Fall Weiss

It was seventy years ago this morning that Germany invaded Poland, launching World War II in Europe – beginning what was, in a sense,the end of a war that’d begun 25 years earlier, taken a 21 year break, and then re-ignited, killing tens of millions of people directly on the battlefield and, in ways never before seen in human history, off of it.
In another sense, it began the final act of the Old World – the world of European dominance, of its kingdoms and alignments and customs defining “civilization” for the rest of the world – and was the beginning of the world we have today, a world who’s denouement is at this moment very much in play.

But that’s a story we’ll recap in seventy more years, God willing.

———-

In reading the story of the German Blitzkrieg into Poland most of my cognitive life, I became fascinated with the history of Poland – or, really, of all of the smaller European states that Hitler swallowed up.  A lot of legends sprang up around each of these nations and their record during the awful year that followed the invasion of Poland.

I would like to address some of them.

———-

Poland started the war with a couple of strikes against it.

For starters, its terrain is just not defendable.

All of its major cities sit on a broad, flat plain, cut by few rivers (whose banks are, largely, not major obstacles to much of anything).  The road from the German or Russian border to the capitol in Warsaw, or its industrial heartland around Katowice/Sosnowiec, or its intellectual and cultural heart in Krakow has no more physical speed bumps than a drive from Fargo to Grand Forks.

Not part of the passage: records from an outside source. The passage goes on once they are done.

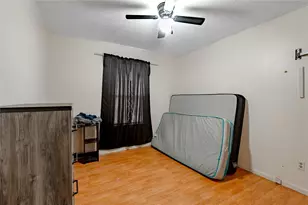 210 Bullard St, Madisonville, TX 77864 - Photo 22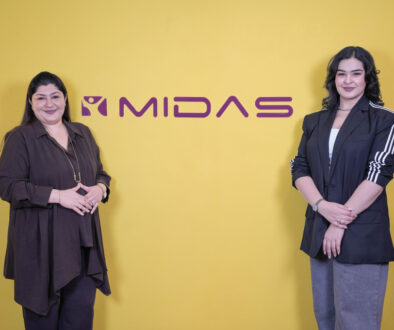 Arzoo Alamin at MIDAS School of Entrepreneurship during an entrepreneurship podcast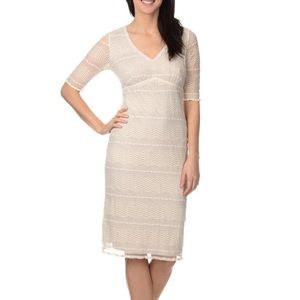 Gorgeous V-neck Stretch Ivory Lace Dress Size 14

And while Poland knew very well that it was surrounded by a couple of rapacious dictatorships who, as they had through all of history, meant it nothing but ill, and they did their best to prepare for eventualities, they did something that’s all too familiar to modern IT executives; at a time in history when military technology was evolving at a pace that the world had never before seen (and in many respects hasn’t seen since), the Poles, like the French, laid their cards on the table early, standardizing and mass-producing equipment that turned out to be obsolete a mere 5-10 years after it rolled off the assembly line.  The Polish Air Force was mass-producing the Pzl fighter plane and the Karas fighter-bomber at a time when the Germans had just started developing the planes with which they’d launch the war, the Bf109 fighter, the Ju87 Stuka dive bomber, the He111/Do17/Ju88 bombers.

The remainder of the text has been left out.